Hence, it is recommended to take all neck pain seriously. Nevertheless, if you are certain that the pain in your neck is due to bad sleeping habits or posture, you can get away with simple massage and painkillers as treatment.
A rule to follow for the pain assessment is: If the pain prevents you from falling asleep when tired, or if the pain persists longer than two days with no signs of improvement, it is serious and requires medical advice. The bottom line is, all neck pain is a risk, and it is better to visit a professional to be on the safer side.
How Can You Prevent Neck Pain?
If you do not already have neck pain, the best prevention for you is to avoid unhealthy postures and hold the neck in the same position for too long. Exercise your neck with a bit of stretching daily to keep it healthy.
Additionally, you should opt for occasional neck massages and chiropractic appointments to relieve the physical stress. A common misconception is that upright posture or holding your shoulders back reduces pain in the neck and shoulders.
The human backbone and neck are flexible, and there is no ideal position for them. Any posture is poor posture if you hold it for too long. A healthy posture is to change the position of the neck and back. You should stretch every few hours to maintain neck and back flexibility.
Exercises such as yoga and taichi can help strengthen your neck and back muscles to better protect them against straining. Also, many acupuncturists are capable of treating neck and back pain. You should consult your physician about it, as they may be able to recommend someone reliable.

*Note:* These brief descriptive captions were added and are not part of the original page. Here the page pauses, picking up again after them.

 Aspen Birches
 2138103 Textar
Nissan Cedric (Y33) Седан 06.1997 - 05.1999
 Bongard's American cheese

If you already suffer from neck pain, you should visit a professional for neck pain treatment. While neck collars are popularly employed to help with a painful neck, you should consult a surgeon beforehand, as depending on your condition, you may need soft or hard neck collars.

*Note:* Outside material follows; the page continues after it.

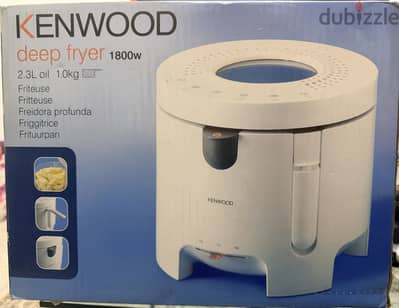 Deep Fryer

Can neck pain be life-threatening?
The pain itself is not a threat to your life. Pain is a self-preservation response of the body. It is there to let you know if something is wrong. The pain will not kill you; however, it can be a sign of some underlying medical problem. The neck is a very sensitive area and any problems in the neck region can prove to be crippling and fatal if left unchecked for too long.
How long should neck pain last?
It depends on the cause of neck pain. Muscular strains are the least problematic and the pain will last less than 6 weeks (acute). Other complicated cases that involve pressure on the nerves can last for more than 12 weeks (chronic). A surgeon can diagnose your condition and tell you the estimated duration the best.

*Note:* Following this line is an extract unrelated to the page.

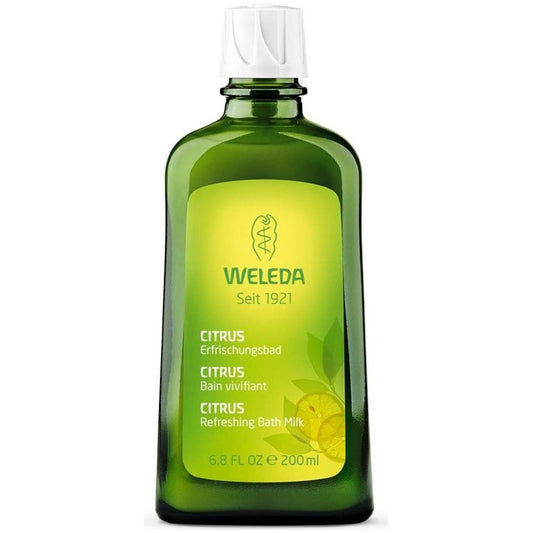 Weleda Citrus Erfrischungsbad, 200 ml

What is the fastest way to relieve neck pain?
You can try the following for quick relief.
- Apply ice or something cold at the site of pain for the first 48-72 hours
- After 72 hours of cold if the pain does not improve, use heat instead. You can use a towel with warm water or a warm shower for this
- Apply over-the-counter painkiller creams at the location
- Keep the neck in a resting position and avoid unnecessarily moving it
- Gently massage the affected area; you can maximize the effectiveness if you combine the massage with pain-relieving cream
- Use a neck collar to reduce stress on your neck. Consult your doctor beforehand to know whether your situation requires a soft collar or a hard collar
- In case of muscle strains, you can take muscle relaxants to relieve your pain. However, they are not available over-the-counter and require a doctor to prescribe them to you
All neck pain should be treated with the highest levels of caution. If you try to ignore it and do further damage, then a previously minor issue could develop into something far more serious.